Bug #18826 Using subquery in "in (...)" clause forces full table scan
Submitted: 6 Apr 2006 0:19 Modified: 23 Jan 2014 9:46
Reporter: time e.less Email Updates:
Status: Closed Impact on me:
None 
Category:MySQL Server: Optimizer Severity:S5 (Performance)
Version:5.0.16 OS:Linux (Debian Linux AMD 64)
Assigned to: CPU Architecture:Any

[6 Apr 2006 0:19] time e.less
Description:
mysql> explain select count(*) as n from digs where itemid in (select id from
       items where userid = 249778 and deleted = 0);
+----+--------------------+-------+---------+------+----------+--------------------------+
| id | select_type        | table | key     | ref  | rows     | Extra                    |
+----+--------------------+-------+---------+------+----------+--------------------------+
|  1 | PRIMARY            | digs  | item    | NULL | 14932299 | Using where; Using index |
|  2 | DEPENDENT SUBQUERY | items | PRIMARY | func |        1 | Using index; Using where |
+----+--------------------+-------+---------+------+----------+--------------------------+

mysql> explain select count(*) as n from digs d,items i where d.itemid = i.id
       and i.userid = 249778 and i.deleted = 0;
+----+-------------+-------+-----------+-----------------+------+--------------------------+
| id | select_type | table | key       | ref             | rows | Extra                    |
+----+-------------+-------+-----------+-----------------+------+--------------------------+
|  1 | SIMPLE      | i     | userindex | const           |    1 | Using where              |
|  1 | SIMPLE      | d     | item      | production.i.id |   30 | Using where; Using index |
+----+-------------+-------+-----------+-----------------+------+--------------------------+

For some reason the first version, using an in(...) clause forces a full table scan, even though the explain claims it'll use the index "item" on the "itemid" column in the "digs" table.

How to repeat:
Use a subquery in the in() clause in 5.0.16.

Suggested fix:
I don't know if it's too much to ask for subqueries inside in() clauses to use indexes for the part of the query on the outside.

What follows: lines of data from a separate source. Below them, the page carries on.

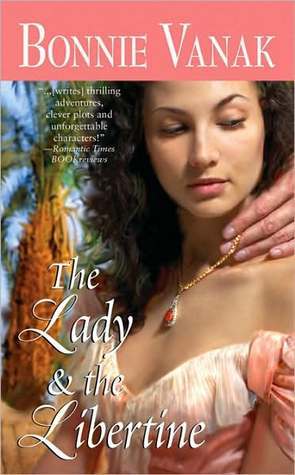 The Lady & the Libertine (Khamsin: Warriors of the Wind, #7)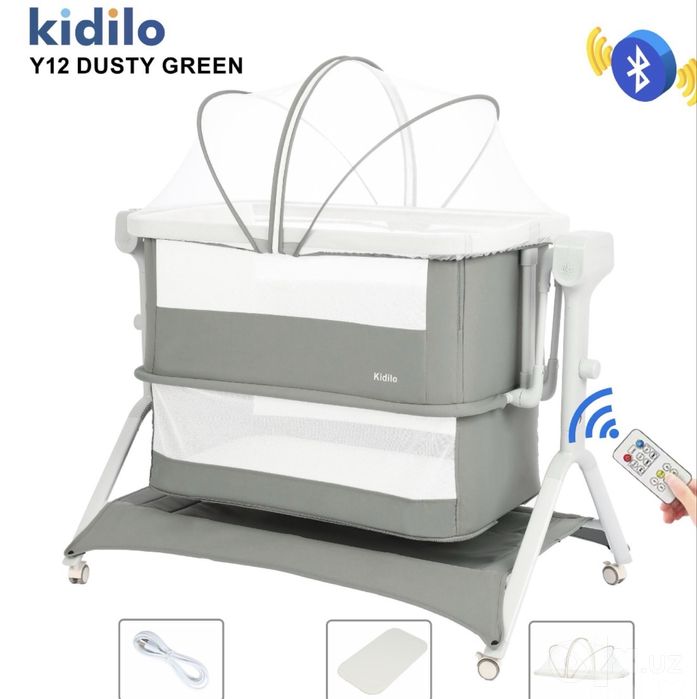 Lyulka kidilo y12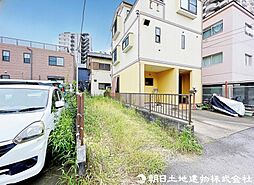所沢市東町　土地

I actually bet you'd have fixed this in 5.0.17-5.0.19, but couldn't find anything in the bug database about this type of problem.

There is another crashing bug introduced in 5.0.18 (or perhaps 5.0.17) with InnoDB that prevents us from upgrading to 5.0.18 (unsure if 5.0.19 will work for us as yet).
[6 Apr 2006 10:47] Valeriy Kravchuk
Thank you for a problem report. This is a well-known problem, that will be fixed eventually (in MySQL 5.2, I hope).  It is not fixed in 5.0.19, 5.0.21-BK etc. Most subqueries are optimized that way now, as correlated. See bug #12106, for example.
[22 Jan 2008 23:53] Sergey Petrunya
This subquery should be handled by new subquery optimizations in MySQL 6.0.

time e.less, if you still have the sample data, could you please check that 6.0 is faster now? Alternatively, you could upload the test dataset and we will make sure it will run fast in 6.0.
[4 Nov 2008 18:50] Valeriy Kravchuk
Please, check with MySQL 6.0.7 and inform about the results.
[5 Dec 2008 0:00] Bugs System
No feedback was provided for this bug for over a month, so it is
being suspended automatically. If you are able to provide the
information that was originally requested, please do so and change
the status of the bug back to "Open".
[23 Jan 2014 9:46] Roy Lyseng
This problem should be fixed in 5.6 with semi-join conversions.

If there is still problems, please re-open the bug report.